(ots) -
Trotz großer Wohnungsnot in vielen Hochschulstädten haben die
meisten Studierenden auch im Wintersemester 2015/2016 ihre
Präferenzen für den Studienort nicht angepasst. Dies geht aus einer
Analyse der am heutigen Mittwoch vom Statistischen Bundesamt
(Destatis) veröffentlichten Zahlen durch die Abteilung Research &
Analyse der GBI AG hervor. Die Statstik-Behörde hatte ermittelt, dass
im laufenden Wintersemester 2015/2016 nach vorläufigen Zahlen
2.759.267 Studentinnen und Studenten an deutschen Hochschulen
eingeschrieben waren. Gegenüber dem Wintersemester 2014/2015 erhöhte
sich die Zahl damit nach diesen ersten Ergebnissen um rund 60.000,
also um weitere 2,2 Prozent. Ein neuer Allzeit-Rekordwert.
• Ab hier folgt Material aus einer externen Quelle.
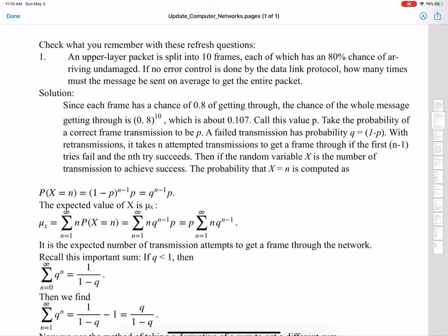The very first problem that I assigned brings us home quite forcefully. Here's question number one: an upper layer packet is split into 10 frames, each of which has an 80% chance of arriving undamaged. If no error control is done by the data link protocol, how many times must the message be sent on average to get the entire packet?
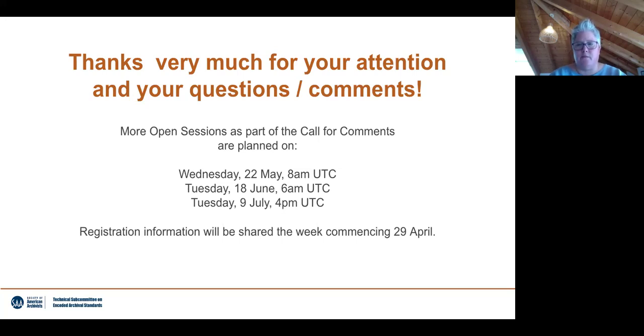With that, I'll stop sharing the slides. Thank you very much for your attendance today — Mary and I are looking forward to hearing what you think of EAD 4.0 over the next few months. Thank you very much, everyone.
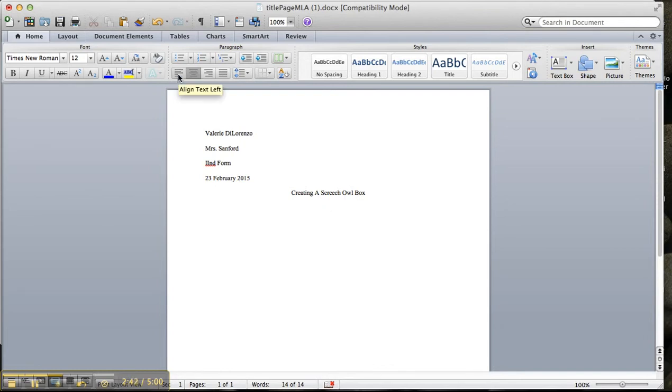So then all I would need to do is move this align text left, flush left. I could hit my tab button, tab key, and I could start typing my paper right here.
"Die Zahlen des Statistischen Bundesamtes zeigen eindrucksvoll,
dass die jungen Menschen sich bei der Wahl des Studienortes zum
Wintersemester 2015/2016 nicht von schwierigen Bedingungen am
Wohnungsmarkt abschrecken lassen", interpretiert Dr. Stefan
Brauckmann. Der Leiter der Abteilung Research & Analyse der GBI AG
weiter: "Mit der Wohnsituation befasst sich in der Regel erst, wer
sich seinen Studienplatz gesichert hat. Notfalls werden dann
Kompromisse bei Größe und Ausstattung gemacht." Deutlich wird dies an
der Entwicklung in Bundesländern mit einem überdurchschnittlichen
Preisniveau. Dr. Brauckmann: "Die Perspektiven in der Stadt nach dem
Studium eine attraktiven Job zu finden, internationale Vernetzung
oder die Nähe zum Herkunftsort, sind für viele Studierende wichtigere
Faktoren als die Lebenshaltungskosten und das Mietniveau." Deutlich
zu beobachten ist dies beispielsweise in Bayern als auch in den
Stadtstaaten Hamburg und Berlin. In Hamburg etwa kostet ein WG-Zimmer
420 Euro, im Bundesländer-Vergleich der höchste und gegenüber dem
Vorjahr um 10 Euro gestiegene Wert. Trotzdem stieg die Zahl der
Studenten zum neuen Semester um 2,8 Prozent. In Bayern liegen die
Zimmer-Preise in Wohngemeinschaften bei 405 Euro, in München sogar
bei 510 Euro. Trotzdem hat das Statistische Bundesamt auch im
Freistaat laut der neuen Studierendenzahlen eine Steigerung um 2,6
Prozent festgestellt.
In den ostdeutschen Flächenstaaten hingegen, wo die Zimmer-Preise
im Städte-Schnitt maximal 260 Euro betragen - nur Potsdam mit rund
310 Euro ist ein kleiner Ausreißer - sinken trotz dieses
Standortvorteils die Studierendenzahlen weiter. Am stärksten in
Thüringen. "Die Schere bei der Beliebtheit der Universitäten geht
weiter auseinander", so Dr. Brauckmann. Das wird bestärkt durch den
längerfristigen Vergleich: So ist in den vergangenen zehn Jahren die
Zahl der Studenten in Nordrhein-Westfalen (274.553), Bayern (119.806)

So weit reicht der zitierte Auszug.